As Germany struggles to absorb more than a million migrants from the Middle East and Africa, the government is hoping to avoid the mistakes it made half a century ago when it brought in a generation of guest workers from Turkey.
In the 1960s, hundreds of thousands of Turkish men were invited in to fill labor shortages. But Germany made no attempt to help them learn the language or upgrade their skills.
The result is that three million Turks in Germany are still struggling today. They are the least integrated minority, with an unemployment rate of about 16 percent, almost three times the national average, reports Reuters.
Now, two years after it threw open its doors to the latest migrants, Germany has devised an integration strategy based on language and job training intended to get the newcomers into work and off welfare. Among the changes are 600 hours of mandatory language lessons and fast-tracked work permits.
These measures are starting to show signs of success: a growing number of migrants are joining a labor market where a record 1.1 million jobs are unfilled.
“Things are very different here,” said Merhawi Tesfay, a 32-year-old Eritrean who was hired by Kremer Machine Systems, an engineering company in the town of Gescher in western Germany.
“In Eritrea you find work through word of mouth.

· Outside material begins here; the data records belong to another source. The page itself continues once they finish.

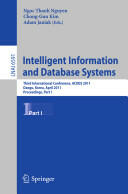 Intelligent Information and Database Systems (2011)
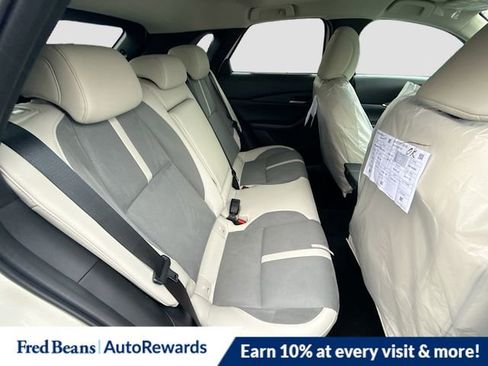 New 2026 MAZDA CX-30 Aire Edition image 29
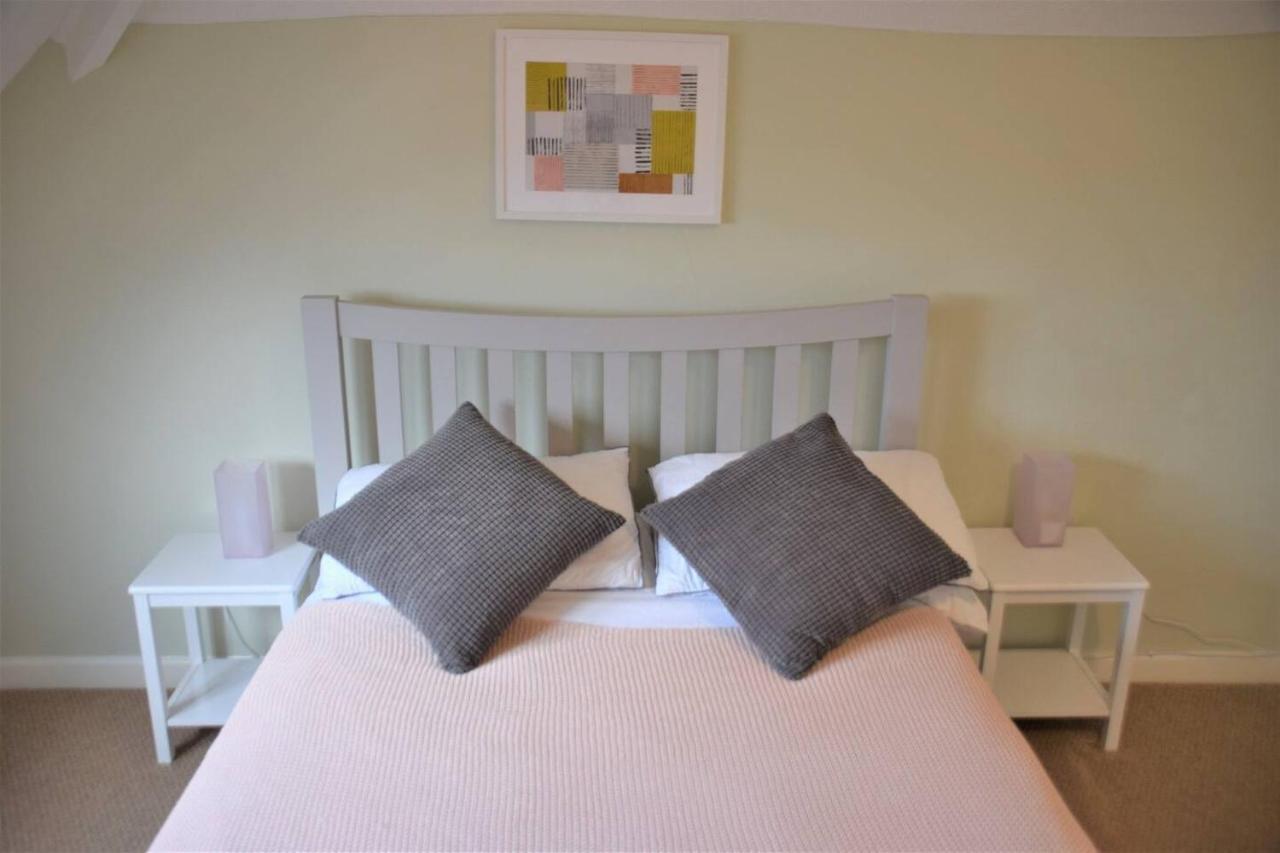 Charming 3-Bed Apartment In Talgarth Powys Brecon Dış mekan fotoğraf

Here you have the Job Centre and online job sites. Everything comes with too much bureaucracy and my German wasn’t good enough.”
Tesfay was hired initially as a trainee and then full-time, through ELNet, a government-funded project run by charities who assign mentors to refugees. He had been looking for work for almost three years.
Waves of migrants, many forced to flee Syria’s civil war, began arriving in large numbers two years ago, one of the biggest migration movements Europe had seen since World War Two.
The challenge now for Germany, which took in the largest number of the incomers in western Europe, is to integrate them into society over the long term.
With its strong economy, Germany is better placed than many European countries, especially in southern Europe, to accept migrants. German unemployment is at its lowest since 1990 and seven straight years of growth mean the government can afford to put aside more than 10 billion euros a year for refugees.
“The lesson that Germany learnt is that integration is something you work on,” said Herbert Bruecker of Humboldt University of Berlin. “It doesn’t happen on its own”.
When the first Turkish guest workers arrived in the 1960s, German politicians, still preoccupied with rebuilding the economy after World War Two, regarded them as a temporary measure. The perception was that Turks were guests who would go back home.
The Turks of course did not go home. And their wives and children began following them, just as the oil crisis of the early 1970s pushed Germany into a recession that cost many guest workers their jobs.
With low skills and little grasp of the language, many found it hard to find work again as Germany shifted away from industry towards automation and services.
This time, Germany has taken a different approach.
One month after her decision to open Germany’s borders to refugees fleeing war and persecution, Chancellor Angela Merkel told parliament in September 2015 that Germany should learn from its mistakes with the Turkish guest workers and seek to integrate asylum seekers from day one.
Since then, her government has focused on language and vocational training to help 1.2 million asylum seekers get into a manpower-hungry labor market and wean them off Germany’s generous welfare system.
Under legislation approved in August 2016, integration courses including language learning were made mandatory for all refugees and asylum seekers from countries such as Syria, Eritrea and Afghanistan.
The new rules also included a ‘Give and Take’ clause giving authorities powers to cut financial aid to asylum seekers if they don’t attend language courses.